Source:  Panwar, H. S.  1979.  A note on tiger census technique based on pugmark tracings.  The Indian Forester, Special Issue on International Symposium on Tiger.  Pp. 70-77.  (no volume or issue numbers given)


Responses to This Web Site

    I have received a number of responses to this Web site, ranging in tone and temperament from unnecessarily caustic to highly supportive.  I have also been cited as saying or implying quite the opposite of what I actually say; I would suggest that such authors re-read my words here.  
    I especially greatly appreciate the open-minded and gracious mail from Ray Crowe, Director of Western Bigfoot Society.  Mr.

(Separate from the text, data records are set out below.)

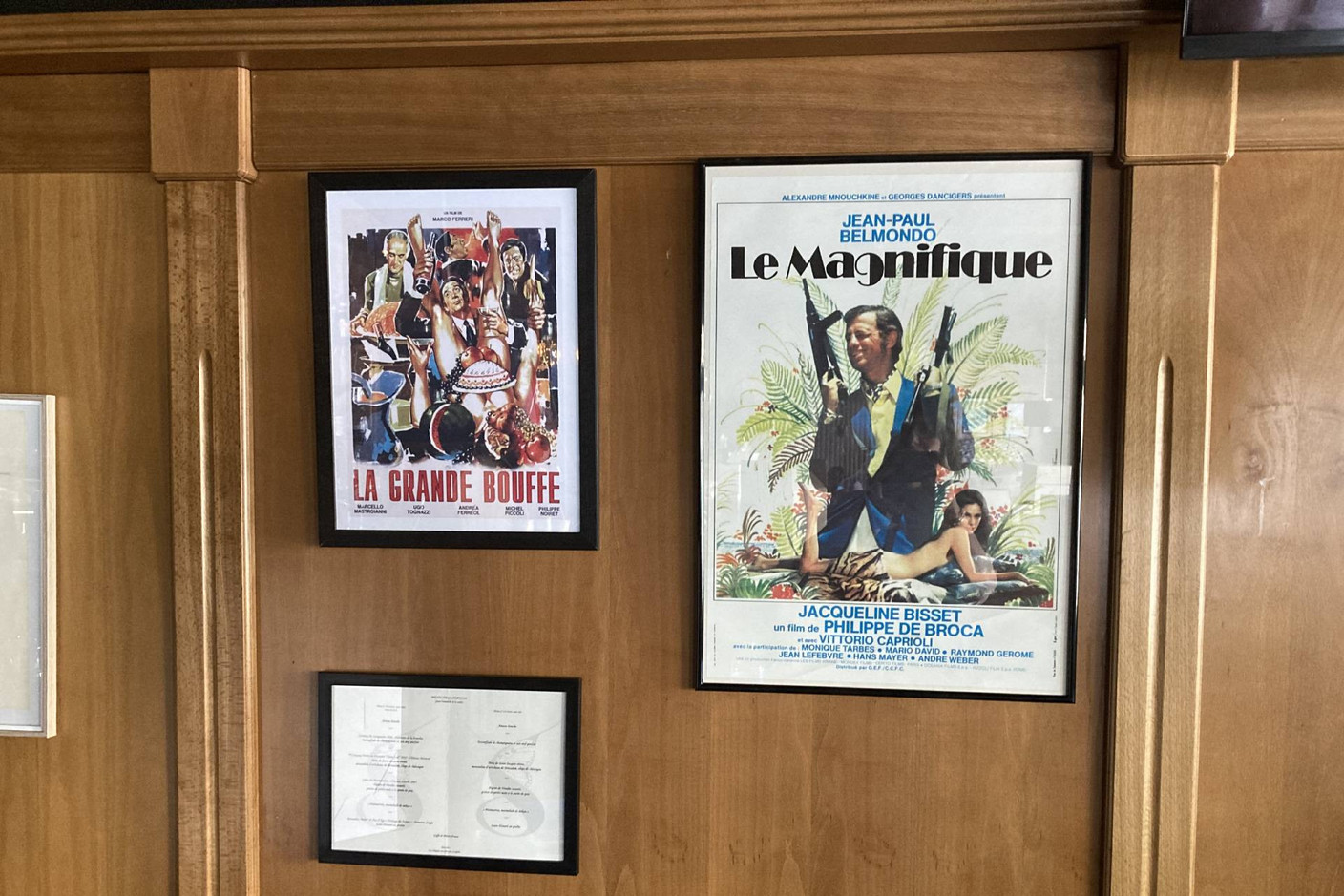 Au mur, de vieilles affiches de cinéma français et un ancien menu de repas de famille. (Photo: Céline Coubray)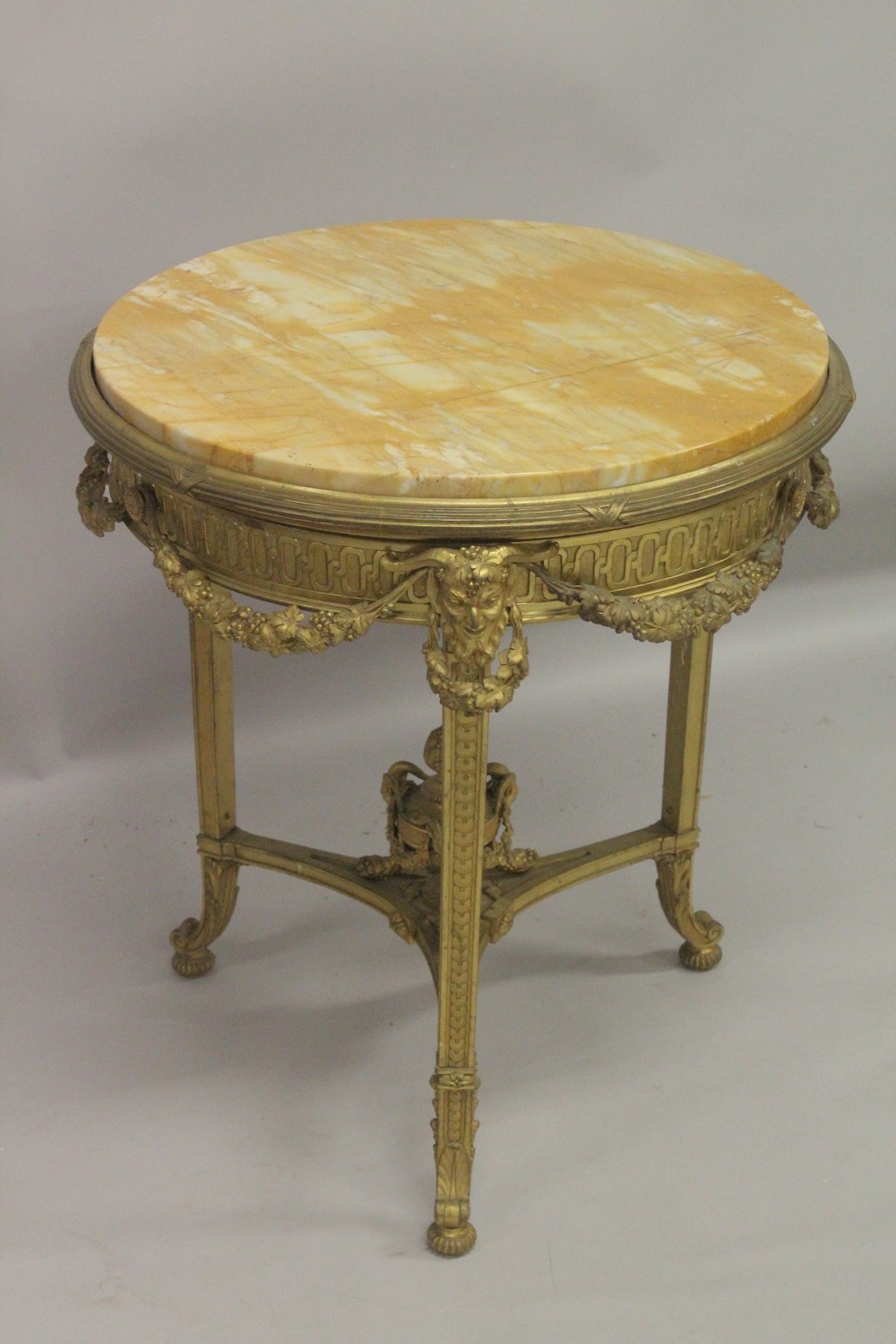 A GOOD EARLY / MID CENTURY CONTINENTAL ORMOLU AND MARBLE GUERIDON with a circular Giallo Siena - Bild 2 aus 4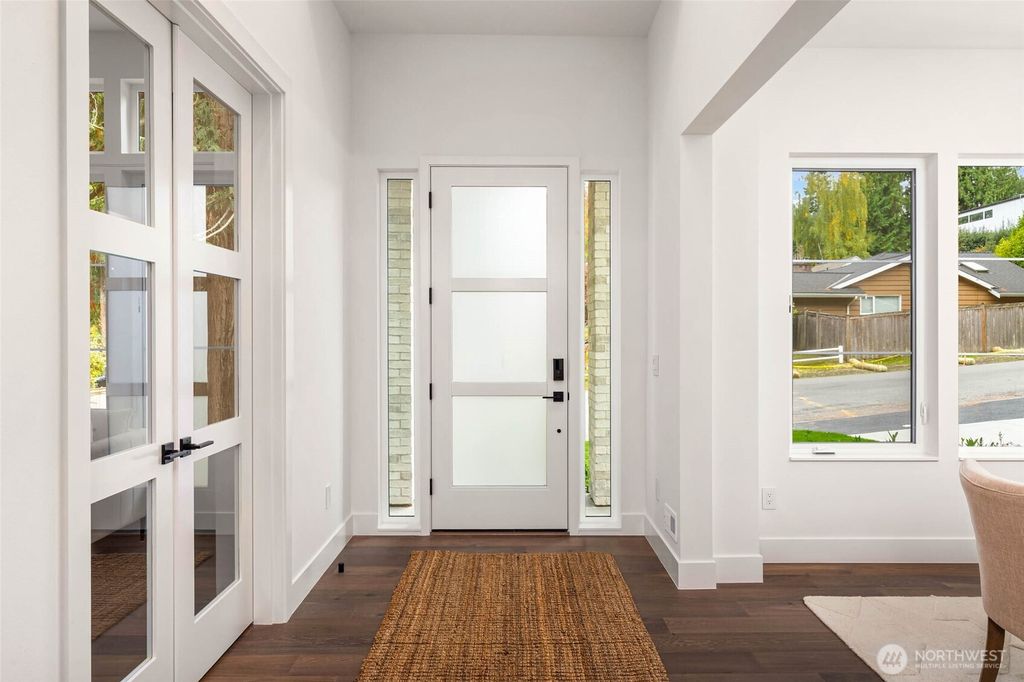 Photo of 10620 NE 28th Place, Bellevue, WA 98004 (MLS # 2508690)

Crowe has been very supportive of trading information, and has kindly sent me others' stories of Bigfoot and Yeti encounters.  Thanks, Ray; your good and generous spirit will go far to keep "mainstream" wildlife science and cryptozoology close partners, as they should be!

More Thank-You's

    I'm also grateful to my wildlife ecologist colleague Mr. Ajai Saxena, of the Wildlife Institute of India, Dehra Dun, India, who found the Nicholas Saunders book for me that I mentioned earlier, and for also having a most inquisitive and open mind in discussing the subject.  Mr. Saxena is one of the few ecologists -- perhaps the only one! -- who has climbed and hiked the arduous backcountry of the Garo Hills of Meghalaya, India, home of the Matdngdng "Bigfoot cousin" in Garo Tribal legend, braving armed insurgents, human-killing wild elephants, leeches, and other perils we know nothing of in our safer western U.S. mountains.  May Mr. Saxena's courage and stamina be an inspiration for all field zoologists everywhere.
    Many thanks, too, to Shri A.K. (Anup) Srivastava of the Indian Forest Service in Meghalaya, India, who hosted me in his home in the Garo Hills and allowed me to photograph his plaster cast of the Matdngdng track.  
    I also appreciate a brief but very interesting chat with Robert Michael Pyle, whose recent book Where Bigfoot Walks: Crossing the Dark Divide is wonderful reading (Mariner Books, Houghton Mifflin Co., 1995).  This and his other superb volumes are recommended reading to anyone with a soul and heart in nature.  Thanks for the inscription and inspiration, Bob.

Media Coverage

    The ideas in this Web site have been picked up and reported by numerous other web sites and by several media, including the L.A. Times, the Contra Costa Times, and others.  In media interviews, I have emphasized that I am only urging researchers to be cautious in their interpretations of footprint evidence, not that I have definitive proof of the non-existence of Bigfoot ... which, from  scientific methodology, would not be possible.  Unfortunately, some authors persist in wanting to characterize all wildlife biologists and scientists as "skeptics" and "disbelievers," and that is truly sad.